## EXERCISE REQUIREMENTS
Filtering the records below, copy only those lines that include the word "Size".

(GIVEN RECORDS Opens)

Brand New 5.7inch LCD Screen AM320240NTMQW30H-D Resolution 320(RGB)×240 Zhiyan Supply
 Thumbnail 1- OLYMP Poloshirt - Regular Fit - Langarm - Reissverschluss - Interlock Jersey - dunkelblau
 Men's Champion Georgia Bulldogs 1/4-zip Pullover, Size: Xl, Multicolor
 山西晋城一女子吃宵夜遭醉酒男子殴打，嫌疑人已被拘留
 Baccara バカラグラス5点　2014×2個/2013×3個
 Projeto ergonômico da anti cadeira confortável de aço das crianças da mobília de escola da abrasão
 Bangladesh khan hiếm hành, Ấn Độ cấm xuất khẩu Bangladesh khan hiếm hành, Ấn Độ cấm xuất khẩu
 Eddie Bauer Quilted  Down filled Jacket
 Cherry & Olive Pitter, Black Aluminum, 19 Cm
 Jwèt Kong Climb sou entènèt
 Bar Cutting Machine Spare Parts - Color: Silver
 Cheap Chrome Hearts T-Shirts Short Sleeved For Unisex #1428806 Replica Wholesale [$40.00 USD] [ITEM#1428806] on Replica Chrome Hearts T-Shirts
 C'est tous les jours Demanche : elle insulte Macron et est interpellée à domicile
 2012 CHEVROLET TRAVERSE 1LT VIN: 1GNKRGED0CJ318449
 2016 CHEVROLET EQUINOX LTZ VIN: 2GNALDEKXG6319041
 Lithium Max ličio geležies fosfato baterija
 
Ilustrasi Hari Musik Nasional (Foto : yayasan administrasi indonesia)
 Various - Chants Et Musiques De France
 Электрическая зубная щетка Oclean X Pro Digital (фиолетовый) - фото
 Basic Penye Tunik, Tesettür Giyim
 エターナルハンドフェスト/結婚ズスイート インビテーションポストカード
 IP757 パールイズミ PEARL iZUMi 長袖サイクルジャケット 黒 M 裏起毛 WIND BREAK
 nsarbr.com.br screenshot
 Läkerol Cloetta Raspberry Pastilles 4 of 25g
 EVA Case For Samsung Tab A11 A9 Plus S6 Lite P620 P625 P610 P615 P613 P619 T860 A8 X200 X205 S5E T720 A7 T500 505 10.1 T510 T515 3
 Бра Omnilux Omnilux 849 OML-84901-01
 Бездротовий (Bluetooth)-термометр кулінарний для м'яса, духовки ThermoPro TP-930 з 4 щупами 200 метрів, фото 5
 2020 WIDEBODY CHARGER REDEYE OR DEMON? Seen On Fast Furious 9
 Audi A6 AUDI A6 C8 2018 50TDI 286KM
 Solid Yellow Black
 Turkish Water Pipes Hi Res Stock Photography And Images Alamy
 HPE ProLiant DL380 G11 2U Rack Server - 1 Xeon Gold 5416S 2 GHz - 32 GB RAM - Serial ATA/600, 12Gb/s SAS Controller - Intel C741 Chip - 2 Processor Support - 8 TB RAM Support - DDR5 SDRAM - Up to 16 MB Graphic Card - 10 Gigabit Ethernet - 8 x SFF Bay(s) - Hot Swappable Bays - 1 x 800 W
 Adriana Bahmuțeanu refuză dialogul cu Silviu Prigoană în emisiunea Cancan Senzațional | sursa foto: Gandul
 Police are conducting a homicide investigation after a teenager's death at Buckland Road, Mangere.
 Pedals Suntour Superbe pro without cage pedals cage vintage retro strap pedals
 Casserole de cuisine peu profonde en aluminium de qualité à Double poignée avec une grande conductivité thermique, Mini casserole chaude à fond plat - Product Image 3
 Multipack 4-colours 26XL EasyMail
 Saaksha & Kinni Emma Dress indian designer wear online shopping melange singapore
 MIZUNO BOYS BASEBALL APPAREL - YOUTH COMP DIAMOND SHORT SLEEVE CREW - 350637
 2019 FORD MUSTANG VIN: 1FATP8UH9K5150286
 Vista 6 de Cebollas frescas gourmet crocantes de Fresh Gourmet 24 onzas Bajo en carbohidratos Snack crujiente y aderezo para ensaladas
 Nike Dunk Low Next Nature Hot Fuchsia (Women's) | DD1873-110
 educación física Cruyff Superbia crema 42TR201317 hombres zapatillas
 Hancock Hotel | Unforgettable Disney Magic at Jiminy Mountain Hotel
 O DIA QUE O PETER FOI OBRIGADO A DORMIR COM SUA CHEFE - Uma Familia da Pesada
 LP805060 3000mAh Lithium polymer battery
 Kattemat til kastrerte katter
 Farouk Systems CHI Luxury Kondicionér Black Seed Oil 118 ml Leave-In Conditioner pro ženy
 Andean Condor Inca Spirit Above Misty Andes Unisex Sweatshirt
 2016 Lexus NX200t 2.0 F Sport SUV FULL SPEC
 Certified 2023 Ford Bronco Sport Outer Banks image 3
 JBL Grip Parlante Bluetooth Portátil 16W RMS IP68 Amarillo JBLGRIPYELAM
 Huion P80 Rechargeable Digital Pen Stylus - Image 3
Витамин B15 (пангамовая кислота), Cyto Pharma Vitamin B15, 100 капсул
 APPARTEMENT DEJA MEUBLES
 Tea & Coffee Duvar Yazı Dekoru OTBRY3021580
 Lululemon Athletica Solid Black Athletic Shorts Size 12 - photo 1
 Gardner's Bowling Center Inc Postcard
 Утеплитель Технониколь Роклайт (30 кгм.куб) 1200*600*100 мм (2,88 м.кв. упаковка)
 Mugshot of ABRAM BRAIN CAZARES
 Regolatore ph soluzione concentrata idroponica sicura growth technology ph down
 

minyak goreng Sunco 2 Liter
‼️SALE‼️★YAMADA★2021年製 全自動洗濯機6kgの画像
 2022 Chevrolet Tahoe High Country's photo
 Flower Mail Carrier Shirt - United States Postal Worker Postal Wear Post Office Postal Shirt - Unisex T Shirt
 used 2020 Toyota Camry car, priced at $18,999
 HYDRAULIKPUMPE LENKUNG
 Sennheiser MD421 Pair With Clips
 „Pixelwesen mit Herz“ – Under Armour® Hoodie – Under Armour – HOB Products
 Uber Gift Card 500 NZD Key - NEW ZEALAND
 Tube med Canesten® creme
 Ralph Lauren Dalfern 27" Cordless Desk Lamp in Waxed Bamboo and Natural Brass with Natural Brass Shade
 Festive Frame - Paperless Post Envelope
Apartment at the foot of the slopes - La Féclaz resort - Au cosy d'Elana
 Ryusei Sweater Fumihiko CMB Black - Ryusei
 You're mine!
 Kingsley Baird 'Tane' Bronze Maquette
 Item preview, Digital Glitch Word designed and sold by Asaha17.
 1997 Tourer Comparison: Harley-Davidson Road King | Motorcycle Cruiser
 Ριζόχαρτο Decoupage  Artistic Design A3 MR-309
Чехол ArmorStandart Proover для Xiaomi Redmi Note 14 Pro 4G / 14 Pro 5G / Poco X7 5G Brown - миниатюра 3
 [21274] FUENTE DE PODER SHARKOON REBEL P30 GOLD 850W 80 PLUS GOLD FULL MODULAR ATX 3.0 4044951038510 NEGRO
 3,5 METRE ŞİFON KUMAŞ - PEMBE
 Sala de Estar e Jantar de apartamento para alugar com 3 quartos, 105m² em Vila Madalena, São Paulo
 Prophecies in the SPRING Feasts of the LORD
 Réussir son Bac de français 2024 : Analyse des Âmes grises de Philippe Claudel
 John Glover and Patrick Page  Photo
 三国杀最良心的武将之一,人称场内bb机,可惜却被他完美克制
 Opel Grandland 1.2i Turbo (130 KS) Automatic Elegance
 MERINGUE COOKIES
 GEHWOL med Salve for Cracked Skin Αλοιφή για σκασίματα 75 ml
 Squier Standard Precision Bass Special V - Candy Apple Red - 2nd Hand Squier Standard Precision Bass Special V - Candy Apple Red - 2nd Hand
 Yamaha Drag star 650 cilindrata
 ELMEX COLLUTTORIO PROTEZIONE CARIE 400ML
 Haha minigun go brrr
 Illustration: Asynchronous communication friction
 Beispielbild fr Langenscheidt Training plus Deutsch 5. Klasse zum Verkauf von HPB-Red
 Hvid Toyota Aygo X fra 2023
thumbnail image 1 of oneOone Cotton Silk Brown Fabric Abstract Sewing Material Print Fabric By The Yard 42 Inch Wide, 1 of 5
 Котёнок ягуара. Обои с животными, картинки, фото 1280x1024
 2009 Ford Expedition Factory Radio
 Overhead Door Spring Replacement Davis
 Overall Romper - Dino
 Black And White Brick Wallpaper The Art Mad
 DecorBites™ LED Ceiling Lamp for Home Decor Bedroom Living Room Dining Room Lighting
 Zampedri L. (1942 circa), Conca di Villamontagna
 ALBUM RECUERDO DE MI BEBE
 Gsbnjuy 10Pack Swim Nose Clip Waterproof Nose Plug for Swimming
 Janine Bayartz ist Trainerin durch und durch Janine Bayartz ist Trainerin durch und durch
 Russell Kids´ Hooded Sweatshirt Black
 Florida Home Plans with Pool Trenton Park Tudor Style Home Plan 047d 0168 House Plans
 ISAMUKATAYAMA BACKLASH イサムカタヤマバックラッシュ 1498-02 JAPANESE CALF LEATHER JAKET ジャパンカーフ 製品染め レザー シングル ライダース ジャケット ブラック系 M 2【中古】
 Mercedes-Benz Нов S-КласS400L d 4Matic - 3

(GIVEN RECORDS Closes)

## TASK ANSWER
 Men's Champion Georgia Bulldogs 1/4-zip Pullover, Size: Xl, Multicolor
 Lululemon Athletica Solid Black Athletic Shorts Size 12 - photo 1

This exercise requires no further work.